Assume that $p$ and $q$ are distinct add primes such that $p-1\mid q-1$. If $\gcd(a,pq)=1$ ,show that: $$a^{q-1} \equiv 1 \pmod{pq}$$
I have tried as follows:
$$a^{q-1} \equiv 1 \pmod{q} \quad \text{and} \quad a^{p-1} \equiv 1 \pmod{p}$$
$$\implies a^{(q-1)(p-1)} \equiv 1 \pmod{q} \quad \text{and} \quad a^{(q-1)(p-1)} \equiv 1 \pmod{p}$$
$$\implies a^{(q-1)(p-1)} \equiv 1 \pmod{pq}$$
But then I am stuck – please help.
Best Answer
Remember that you are told that $p-1$ divides $q-1$. Note that you have not yet used this hypothesis.
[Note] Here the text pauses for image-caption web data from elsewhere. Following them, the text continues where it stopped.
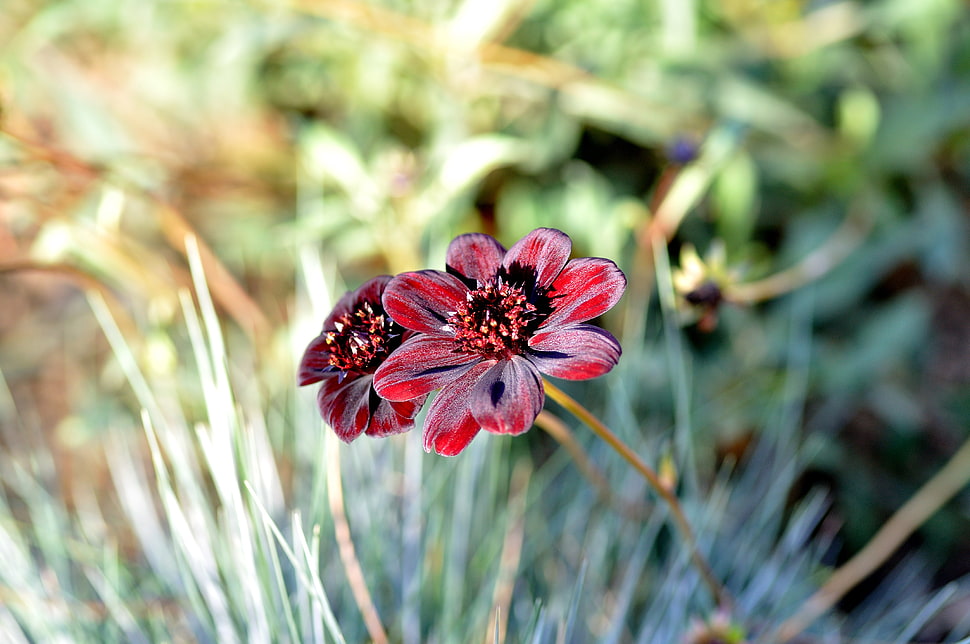 red petaled flower in closeup photo HD wallpaper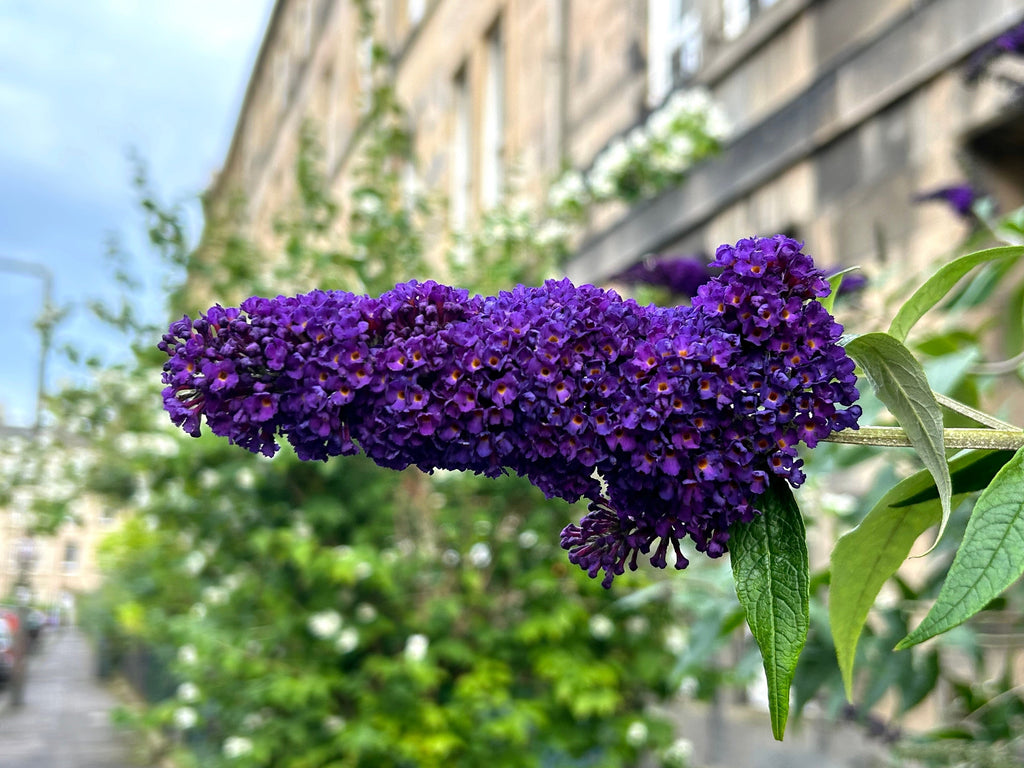 Buddleja Fragrant 50 Dark PURPLE BUTTERFLY BUSH Buddleja Davidii Hummingbird Shrub Fragr ...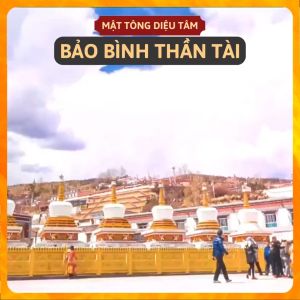 Bảo Bình Hoàng Thần Tài - Bình Tài Bảo Chiêu Tài Lộc đã gia trì đồ thờ cúng ban thần tài - shop Mật Tông Diệu Tâm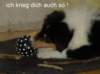 dsc07427_small.jpg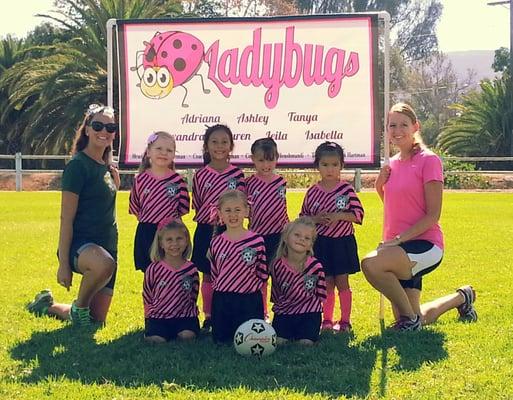 Supporting local girls youth soccer team, Team Ladybugs!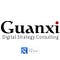 Go to the profile of Guanxi Digital Strategy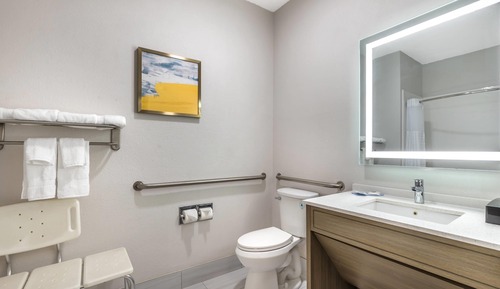 Room, 1 King Bed, Accessible, Non Smoking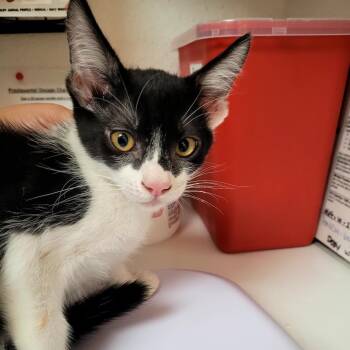 Mickey -  Domestic Short Hair Cat for Adoption in Belfair, Washington - Mickey | PetCurious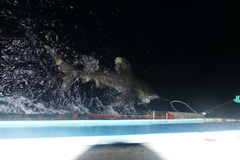 Carcharhinus longimanus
That suggests that you should really try to use it somehow.
Since $p-1$ divides $q-1$, then there exists $k$ such that $q-1 = k(p-1)$. That means that, since $a^{p-1}\equiv 1\pmod{p}$, then $$1 \equiv 1^k \equiv (a^{p-1})^k \equiv a^{(p-1)k} = a^{q-1}\pmod{p}.$$
So now you have $a^{q-1}\equiv 1\pmod{q}$ and $a^{q-1}\equiv 1\pmod{p}.$